No fim do livro, Knight lembra que a igreja de Deus tem, sim, um importante papel social, mas não deve canalizar todos os seus esforços nessa direção. Por quê? Porque as mazelas sociais não terão fim até que Deus ponha um ponto final nisso tudo. Assim, precisamos ver a Jesus “não apenas como o Cordeiro de Deus que oferece salvação, mas também como o Leão da tribo de Judá que em breve irá regressar. Ele virá não para alimentar os famintos, mas para acabar com a fome; não apenas para consolar os que sofrem, mas para erradicar a morte. O mundo já sofreu demais e continua sofrendo, apesar dos melhores esforços da humanidade. A visão neoapocalíptica é a pregação da última esperança que obscurece todas as outras esperanças” (p. 106).

Por que me tornei adventista?

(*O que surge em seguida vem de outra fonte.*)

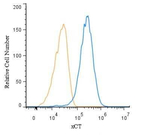 SLC7A11 Antibody in Flow Cytometry (Flow)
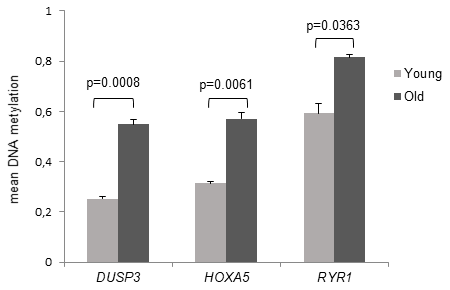 DNAm of the target CpG sites of DUSP3, HOXA5 and RYR1. Mean DNA methylation values of the differentially methylated CpG sites are demonstrated in young and old subjects. The associated genes were assigned to the target CpG site, respectively. Detection of mean DNA methylation was performed by microarray on bisulfite-converted DNA prepared from monocytes. Error bars denote SEM (n = 4, average age: 23.8 yrs and 81.4 yrs, respectively). P values are FDR adjusted.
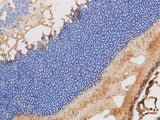 RBP3 Polyclonal Antibody Reactivity Mouse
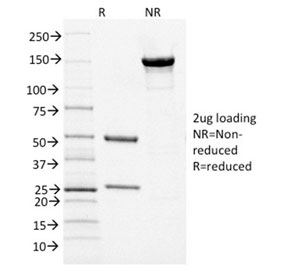 SDS-PAGE analysis of purified, BSA-free PAX5 antibody (clone PCRP-PAX5-1B1) as confirmation of integrity and purity.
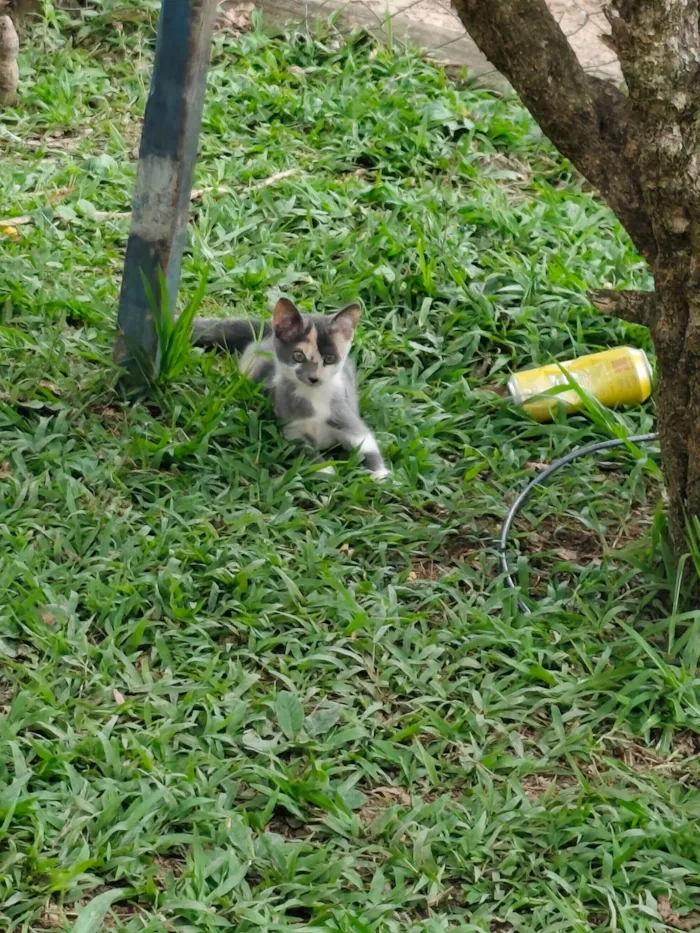 Gato ra a SRD-ViraLata idade 2 a 6 meses nome Estrelinha 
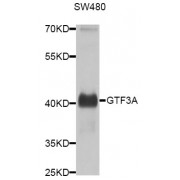 Western blot analysis of extracts of SW480 cells, using GTF3A antibody (abx005833) at 1/1000 dilution.
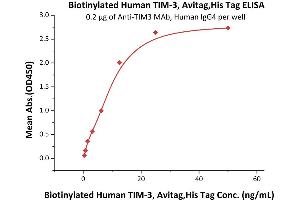 Immobilized A MAb, Human IgG4 at 2 μg/mL (100 μL/well) can bind Biotinylated Human TIM-3, Avitag,His Tag (ABIN5674608,ABIN6253704) with a linear range of 0. (TIM3 Protein (AA 22-200) (His tag,AVI tag,Biotin))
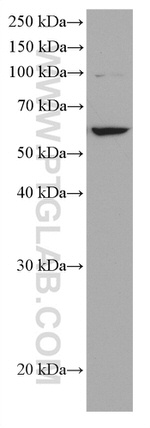 YME1L1 Antibody in Western Blot (WB)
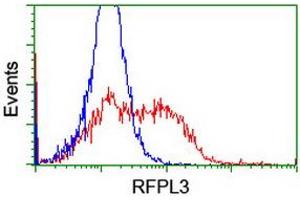 HEK293T cells transfected with either RC206518 overexpress plasmid (Red) or empty vector control plasmid (Blue) were immunostained by anti-RFPL3 antibody (ABIN2455787), and then analyzed by flow cytometry. (RFPL3 Antikörper)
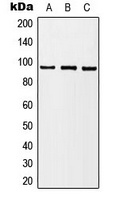 B-RAF Rabbit Polyclonal Antibody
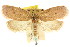  ( - CCDB-15771-E10)  @14 [ ] CreativeCommons - Attribution (2011) ANIC/CBG Photography Group Centre for Biodiversity Genomics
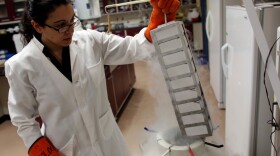 Jessica Dias, an associate research specialist at University of Wisconsin in Madison, removes embryonic stem cells from deep freeze to be thawed before being worked on. The university's scientists, who were the first to experiment with finding cures to neurological and muscular diseases through stem cell research, hope to receive federal funding for their work.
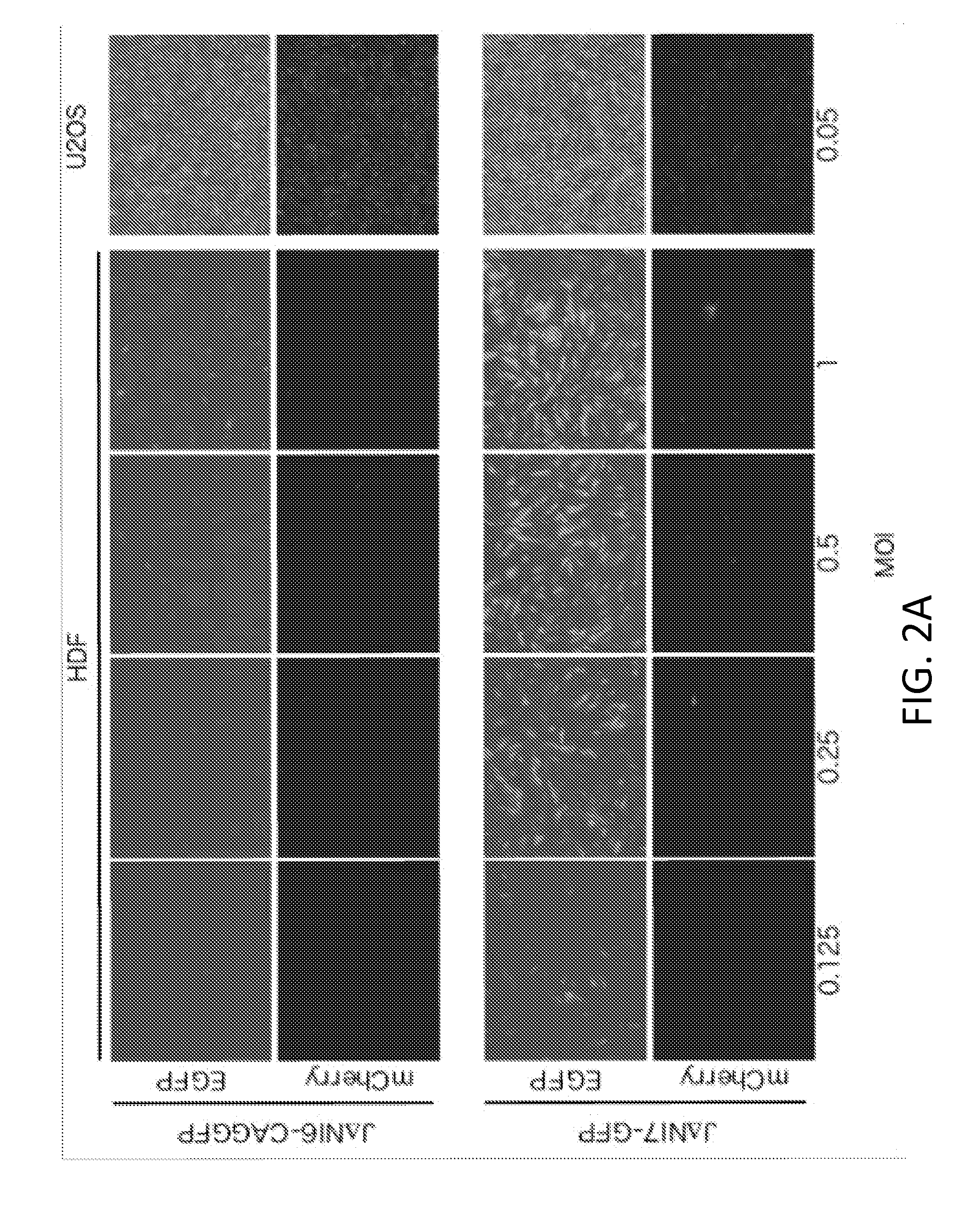 Non-toxic hsv vectors for efficient gene delivery applications and complementing cells for their production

Primeiramente, porque amo a Deus e tenho Sua Palavra como minha bússola. Em segundo lugar, porque amo as pessoas e quero torná-las conscientes de que existe uma esperança acima de qualquer esperança – a fim de que elas possam também decidir por si mesmas o que farão com essa verdade.

É uma esperança que arde em meu coração e que não posso guardar para mim. Tenho que falar, escrever sobre e viver essa mensagem, pois logo veremos Jesus!

Michelson Borges

P.S.: Depois da palestra na CPB, aproveitei para pedir que o Pr. Knight autografasse meu livro. Ele é muito simpático. Um verdadeiro profeta moderno. Um homem de Deus.